[Start of section]

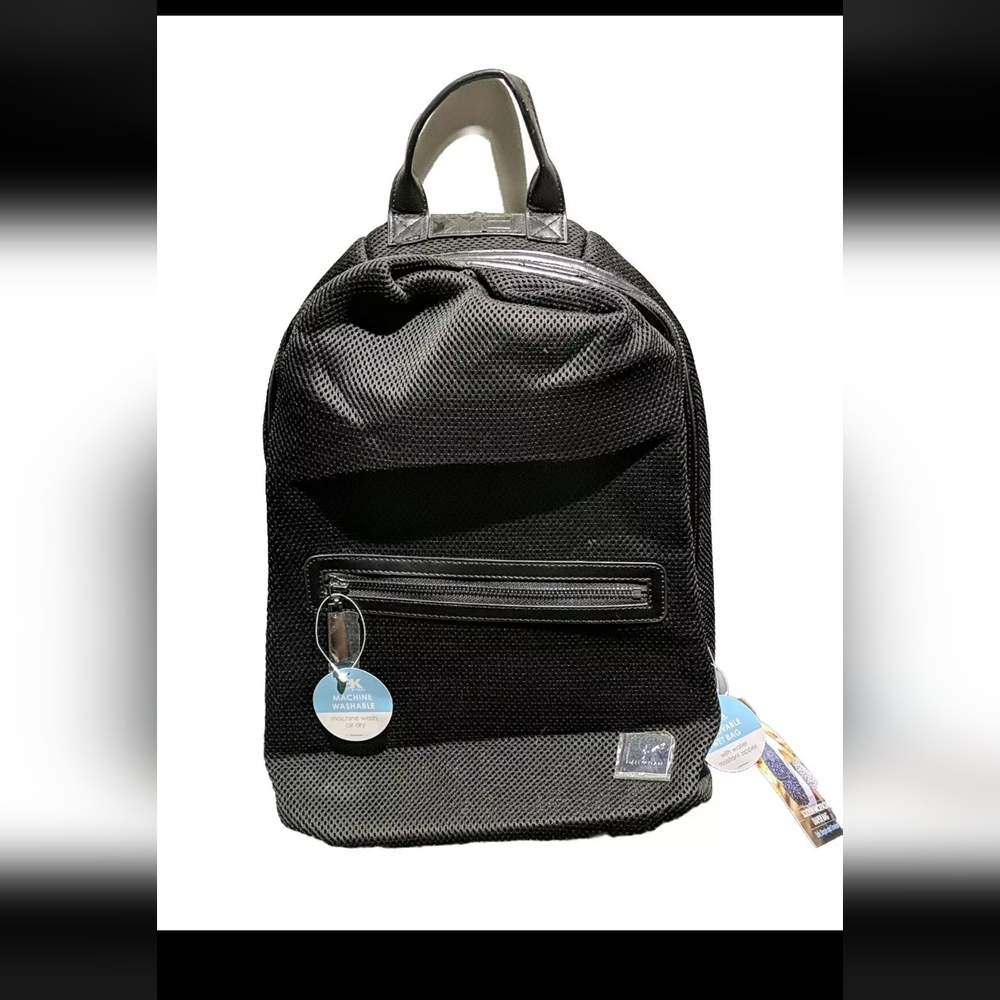 Tote BABY K'TAN Sojourn Backpack Diaper Bag Brand New With Tags
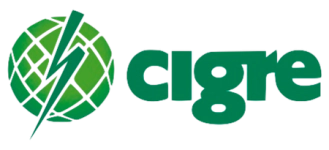 Cigre Logo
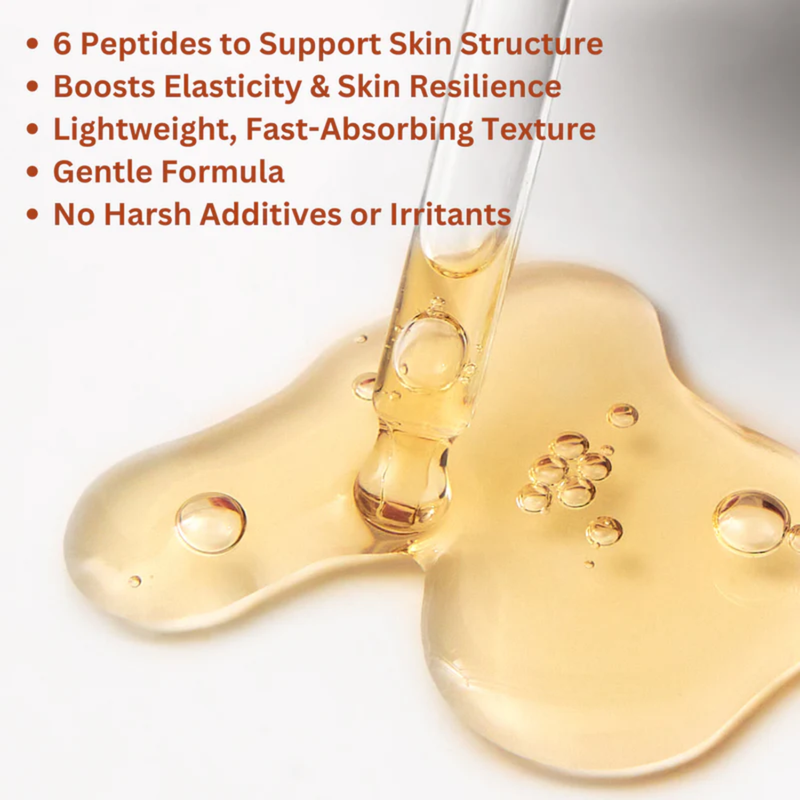 Glow into the New Year Kit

[End of section]

- _TASK STATEMENT_
Nothing but the pictures may be dropped; restate the material word for word.

- _RESPONSE BELOW_
 Tote BABY K'TAN Sojourn Backpack Diaper Bag Brand New With Tags
 Cigre Logo
 Glow into the New Year Kit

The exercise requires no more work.